Hon'ble Apex Court in Shalini Shyam Shetty & Anr. vs Rajendra Shankar Patil: (2010) 8 SCC 329 has laid down the nature and scope of jurisdiction under Article 227 and laid down guidelines for exercising such jurisdiction in para 49 which reads as under:-

"49. On an analysis of the aforesaid decisions of this Court, the following principles on the exercise of High Court's jurisdiction under Article 227 of the Constitution may be formulated:
(a) A petition under Article 226 of the Constitution is different from a petition under Article 227.The mode of exercise of power by the High Court under these two articles is also different.
(b) In any event, a petition under Article 227 cannot be called a writ petition. The history of the conferment of writ jurisdiction on High Courts is substantially different from the history of conferment of the power of superintendence on the High Courts under Article 227 and have been discussed above.
(c) High Courts cannot, at the drop of a hat, in exercise of its power of superintendence under Article 227 of the Constitution, interfere with the orders of tribunals or courts 6 inferior to it. Nor can it, in exercise of this power, act as a court of appeal over the orders of the court or tribunal subordinate to it. In cases where an alternative statutory mode of redressal has been provided, that would also operate as a restrain on the exercise of this power by the High Court.
(d) The parameters of interference by High Courts in exercise of their power of superintendence have been repeatedly laid down by this Court. In this regard the High Court must be guided by the principles laid down by the Constitution Bench of this Court in Waryam Singh and the principles in Waryam Singh have been repeatedly followed by subsequent Constitution Benches and various other decisions of this Court.
(e) According to the ratio in Waryam Singh, followed in subsequent cases, the High Court in exercise of its jurisdiction of superintendence can interfere in order only to keep the tribunals and courts subordinate to it, `within the bounds of their authority'.
(f) In order to ensure that law is followed by such tribunals and courts by exercising jurisdiction which is vested in them and by not declining to exercise the jurisdiction which is vested in them.
(g) Apart from the situations pointed in (e) and (f), High Court can interfere in exercise of its power of superintendence when there has been a patent perversity in the orders of tribunals and courts subordinate to it or where there has been a gross and manifest failure of justice or the basic principles of natural justice have been flouted.
(h) In exercise of its power of superintendence High Court cannot interfere to correct mere errors of law or fact or just because another view than the one taken by the tribunals or Courts subordinate to it, is a possible view. In other words the jurisdiction has to be very sparingly exercised.
(i) The High Court's power of superintendence under Article 227 cannot be curtailed by any statute. It has been declared a part of the basic structure of the Constitution by the Constitution Bench of this Court in L. Chandra Kumar v.

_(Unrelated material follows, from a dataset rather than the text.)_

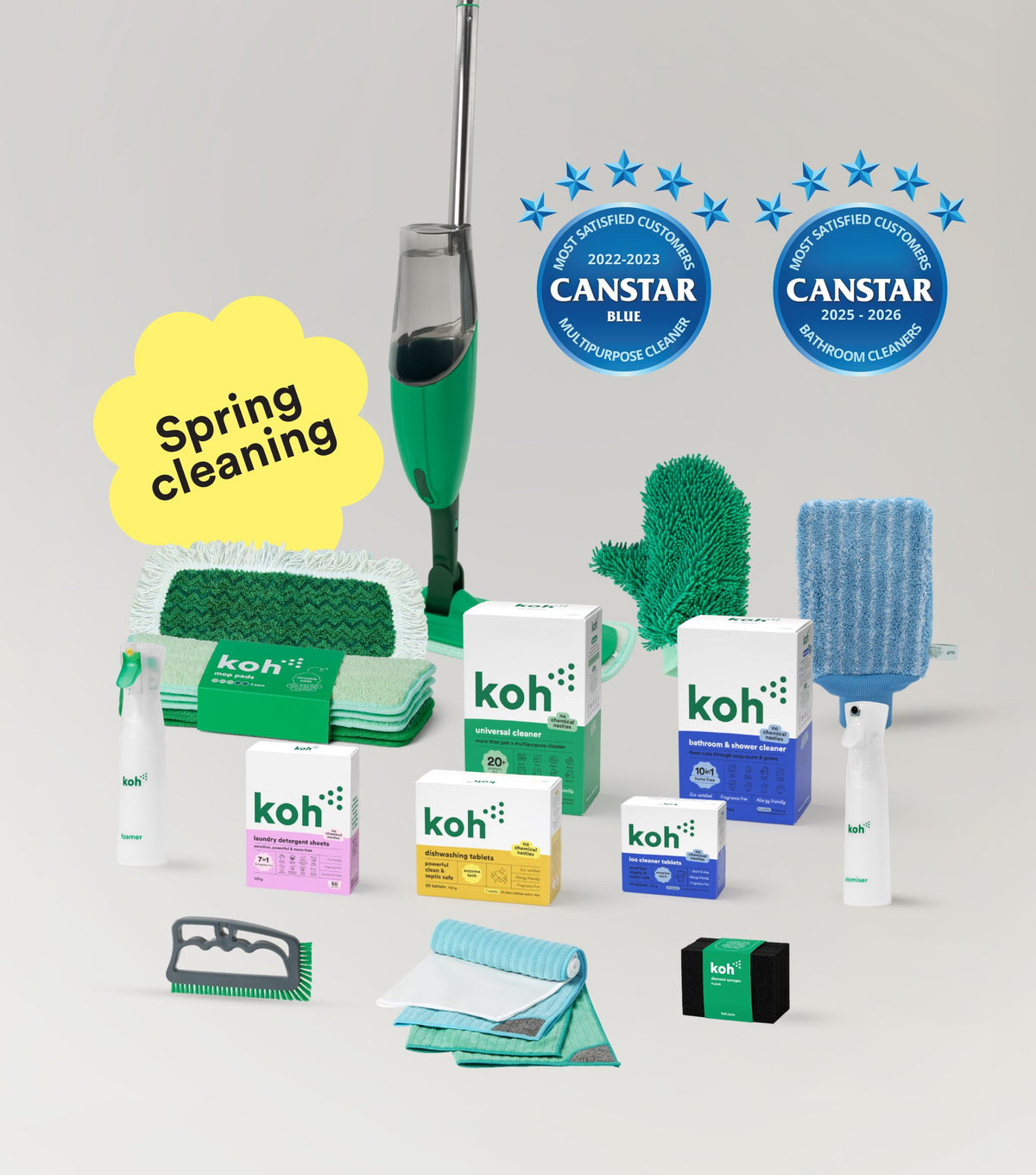 Whole Home Spring Cleaning Kit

Union of India and therefore abridgement by a constitutional amendment is also very doubtful.

(j) It may be true that a statutory amendment of a rather cognate provision, like Section 115 of the Civil Procedure Code by the Civil Procedure Code (Amendment) Act, 1999 does not and cannot cut down the ambit of High Court's power under Article 227. At the same time, it must be remembered that such statutory amendment does not correspondingly expand the High Court's jurisdiction of superintendence under Article 227.

(k) The power is discretionary and has to be exercised on equitable principle. In an appropriate case, the power can be exercised suo motu.

(l) On a proper appreciation of the wide and unfettered power of the High Court under Article 227, it transpires that the main object of this Article is to keep strict administrative 7 and judicial control by the High Court on the administration of justice within its territory.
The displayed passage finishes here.